Daily Mail

Stealth tax on families pushes rate up to 65pc

- By James Burton

FAMILIES have been hit by stealth tax rises which mean they hand over 65p in the pound on some of their earnings, experts have said.

Three-child families with one parent earning more than £50,000 a year are hit by the punishing rate because they lose child benefits as well as tipping over into a higher-tax bracket, according to the Institute For Fiscal Studies.

A family with three children gets child benefit equal to £2,500 a year to help cover costs, so long as neither parent earns over £50,000. But this payment is gradually reduced to nothing once one of the parents is earning more than £50,000.
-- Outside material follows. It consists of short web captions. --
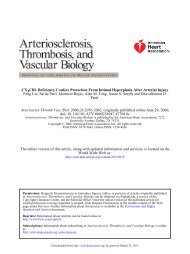 CX3CR1 Deficiency Confers Protection From Intimal Hyperplasia ...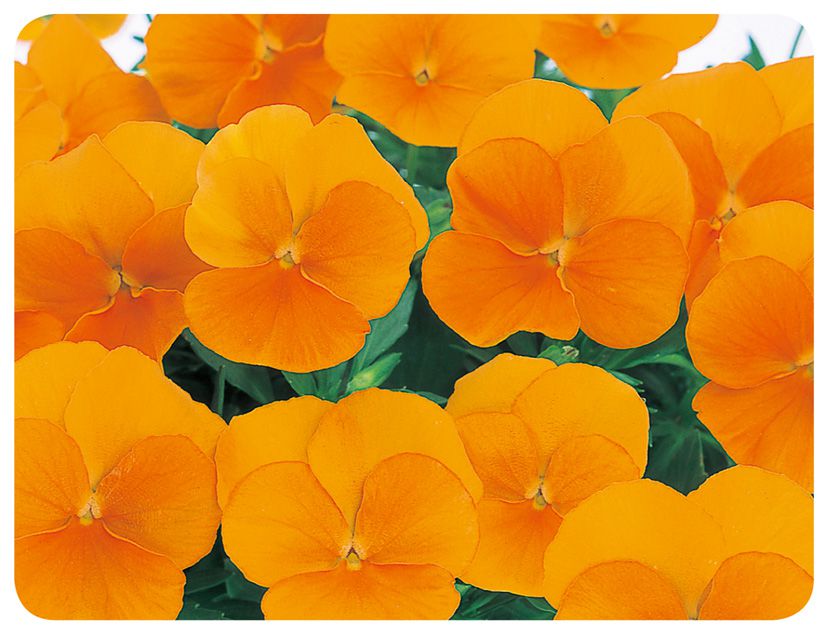 요쿠사쿠스미레 마멀레이드ver.2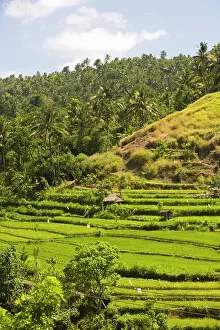 Terraced: Indonesia, Bali Province, Tulamben. Tukadabu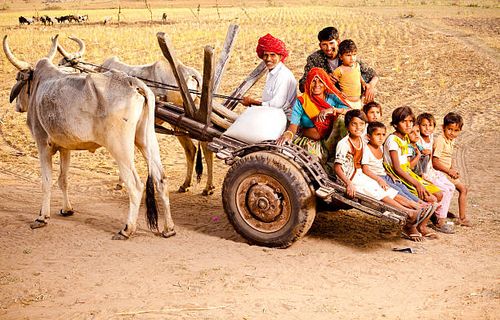 rajasthani rural family enjoying a bullock cart ride in rajasthan - indian bullock cart stock pictures, royalty-free photos & images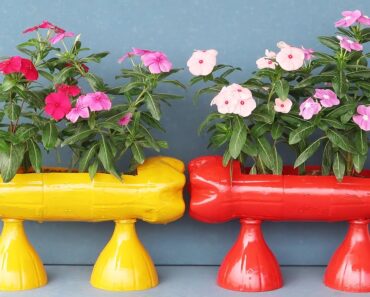 How To Make Flower Pots From Plastic Bottles, Recycle Beautiful Plastic Gardening Bottles
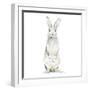 Cute Rabbit-Patricia Pinto-Framed Art Print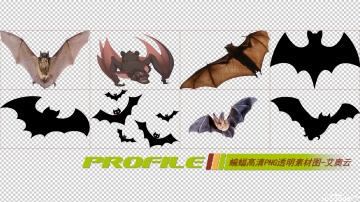 蝙蝠高清png透明图片图形素材打包免费下载02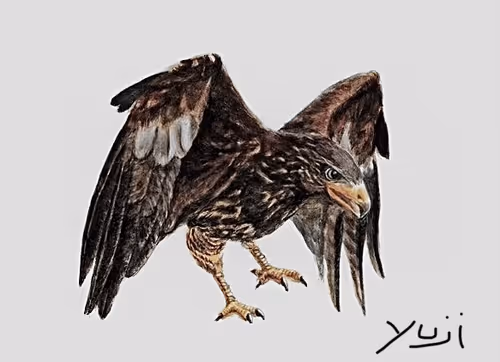 Item #1133159253668487700134162149784362740938794167177105530719148781235276349441 Media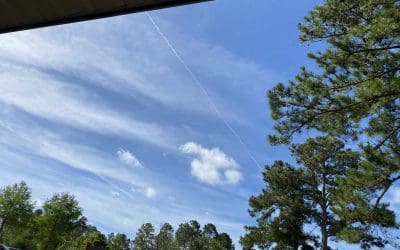 All over town Wilmington NC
A family where someone is paid £60,000 would lose the full £2,500 benefit, meaning they effectivel­y pay a 25pc tax on £10,000 of their income. This cash would also be hit with the higher-rate income tax of 40pc – meaning they would pay 65pc in total.

The IFS slammed ministers for failing to fix the quirk, and also failing to increase tax thresholds in line with inflation.

This has meant the number of people paying higher taxes and losing key benefits has surged as their wages nudge them over the limits.

IFS director Paul Johnson said: ‘Recent government­s have, rather stealthily, increased tax rates on high earners and the number of people facing high marginal rates of tax. If government thinks there is a case for more high-income people to pay more tax, it should be upfront about that view.’

In the year before Labour introduced a 50p tax rate for those earning over £150,000, a total of 319,000 people were hit.

Although the Tories later cut the rate to 45p, the £150,000 threshold has not moved. There are now 428,000 people with incomes above that level – but if the threshold had risen with inflation, it would have reached £180,000.